Section 32 of the Sale of Land Act does not require disclosure of any works conducted “without” a permit. Nevertheless, if the works were done by the person registered on title, then this may be considered Owner Builder works in which case you may be able to avoid the Contract under Section 137B of the Building Act (s137B) (refer to sale Q & A which explains s137B).
It is always recommended that prior to signing a Contract of Sale, you conduct your own due diligence which should include comparing any building plans lodged with council with the physical structures at the property.
You should also keep in mind that any notice served after the date of the contract will be the purchasers responsibility so caution should be taken.
During the contract, the vendor asked the purchaser for an earlier settlement date. The purchaser agreed. The purchaser was unable to complete settlement due to delays with their bank, but was able to complete settlement before the original date fixed for settlement. Is the purchaser obliged to pay penalty interest?
Yes, where an earlier or later date is agreed between the parties (without any conditions), then that date becomes the settlement date and failure to settle on that date constitutes a breach of contract. It is always recommended that a Deed of Variation be signed to bind all parties.
It is recommended that no changes be made to any settlement date unless all parties are ready for settlement.
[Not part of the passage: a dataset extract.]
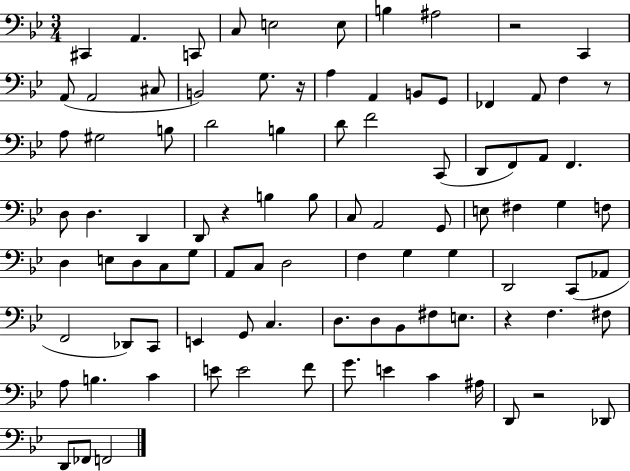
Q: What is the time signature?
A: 3/4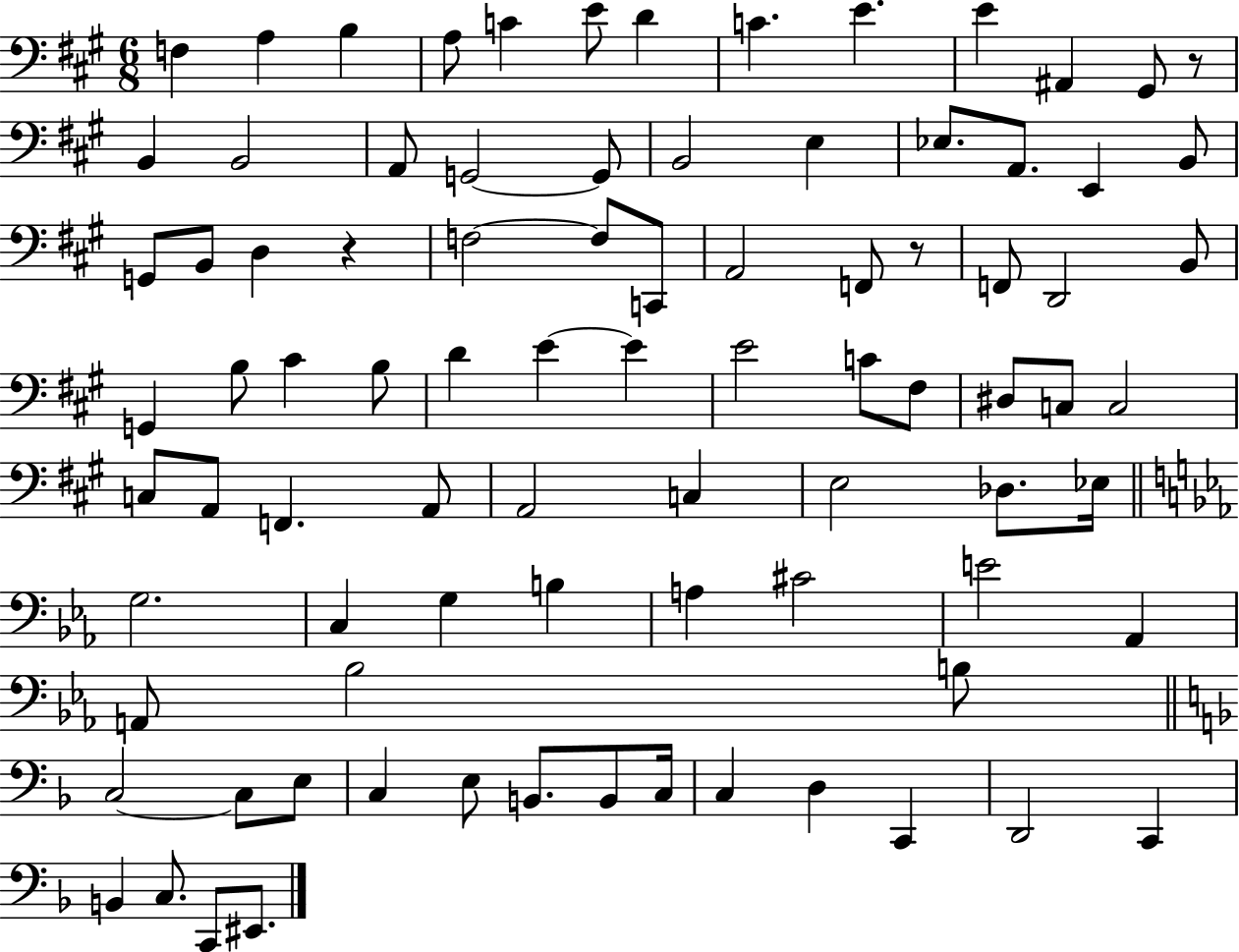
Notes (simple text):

F3/q A3/q B3/q A3/e C4/q E4/e D4/q C4/q. E4/q. E4/q A#2/q G#2/e R/e B2/q B2/h A2/e G2/h G2/e B2/h E3/q Eb3/e. A2/e. E2/q B2/e G2/e B2/e D3/q R/q F3/h F3/e C2/e A2/h F2/e R/e F2/e D2/h B2/e G2/q B3/e C#4/q B3/e D4/q E4/q E4/q E4/h C4/e F#3/e D#3/e C3/e C3/h C3/e A2/e F2/q. A2/e A2/h C3/q E3/h Db3/e. Eb3/s G3/h. C3/q G3/q B3/q A3/q C#4/h E4/h Ab2/q A2/e Bb3/h B3/e C3/h C3/e E3/e C3/q E3/e B2/e. B2/e C3/s C3/q D3/q C2/q D2/h C2/q B2/q C3/e. C2/e EIS2/e.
Removal of Chattels prior to settlement
At a final inspection it has been discovered that the light fittings which were included as chattels in the Contract of Sale have been removed. Can a purchaser deduct the estimated cost of replacement from the settlement proceeds?
The standard Contract of Sale requires the vendor to deliver the property and chattels in the same condition as at the day of sale ie. the date the contract was signed. fair wear and tear excepted. Nevertheless, this does not entitle the purchaser to make a deduction at settlement, as the condition specifically states that failure to deliver the chattels creates a right to compensation only. Morally however it may be argued that a vendor should negotiate a deduction of an agreed amount at settlement, but if that is not agreed, a purchaser may only sue for compensation after settlement.
Disclaimer – Any information contained herein should not be relied upon and you should always obtain independent advice.